The original estimate becomes permanent not through active decision but through risk aversion that compounds across every service.

Teams measured on uptime and performance, not infrastructure efficiency, rationally choose to leave safety margins untouched. Resource requests get defined during initial deployment: an educated guess plus safety margin. They rarely get revisited. Applications evolve, traffic patterns change, but those initial estimates become infrastructure commitments that persist for years.

The Coordination Problem

A cluster running at 13% utilization shows you the cumulative result of hundreds of teams making individually rational choices. Each team optimized for their local context. The waste emerged from the interaction of many reasonable decisions, not from any single team's failure.

Overprovisioning persists despite visibility tools and cost pressure because right-sizing requires someone to accept downward risk in exchange for collective benefit. In organizations where reliability is paramount and infrastructure cost is abstracted, that trade-off doesn't make sense at the team level.

The operational phenomenon extends across any infrastructure where teams provision capacity independently: Kubernetes clusters, browser automation fleets, compute resources. Individual margins compound. The organizational structures that make sense for reliability create exactly the incentives that prevent optimization.

The platforms that eventually solve this won't just provide better monitoring.
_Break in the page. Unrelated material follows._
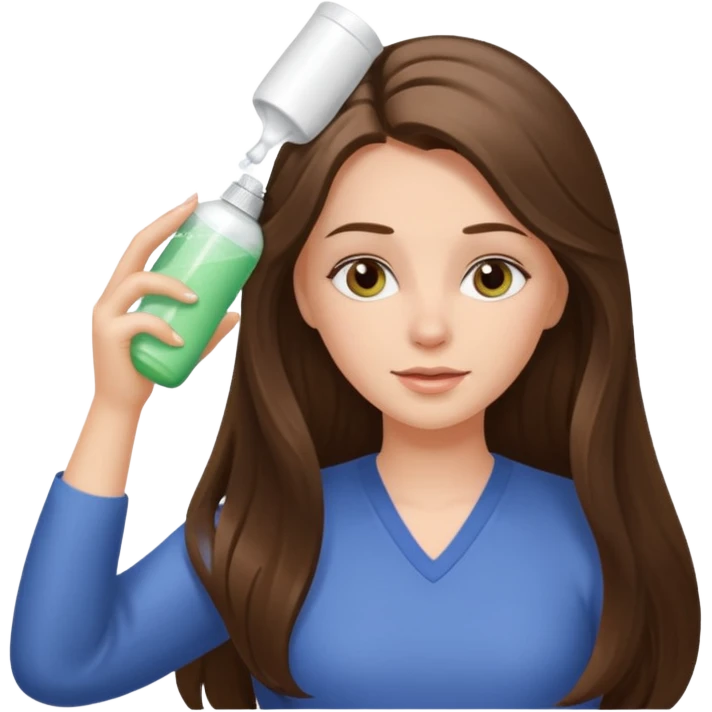 white long brunette hair girl with hazel eyes putting shampoo in emoji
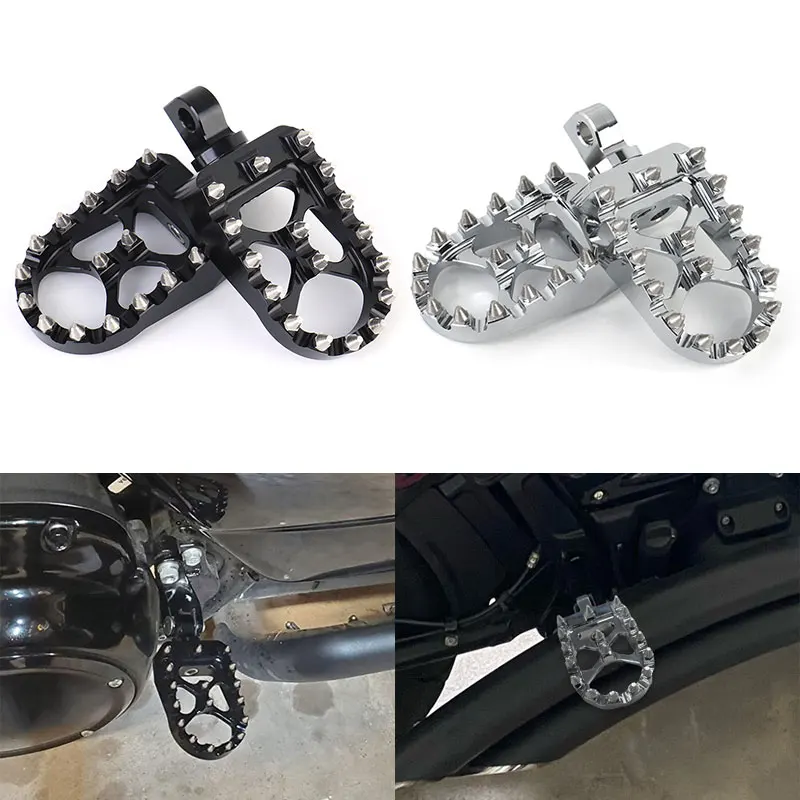 

Motorcycle Black Chrome Footrest Pedal CNC Footpeg For Harley Bobber Chopper Sportster XL Wide Glide Street Bob Dyna Fatboy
They'll change who owns the utilization question.

Things to follow up on...

Vertical Pod Autoscaler adoption: Despite Kubernetes offering automated resource adjustment capabilities, adoption remains low due to stability concerns and the need for careful configuration.
Stateful workload patterns: Databases and other stateful applications tend to be more heavily overprovisioned than stateless services, with teams adding larger safety margins due to the higher cost of performance issues.
Cost optimization survey findings: StormForge's 2024 report found that 68% of organizations identified overprovisioning as their top cost challenge, with workloads typically requesting 2-4x more resources than needed.
Production versus development patterns: Production environments show higher overprovisioning rates than development environments, as teams apply larger safety margins to workloads serving real users.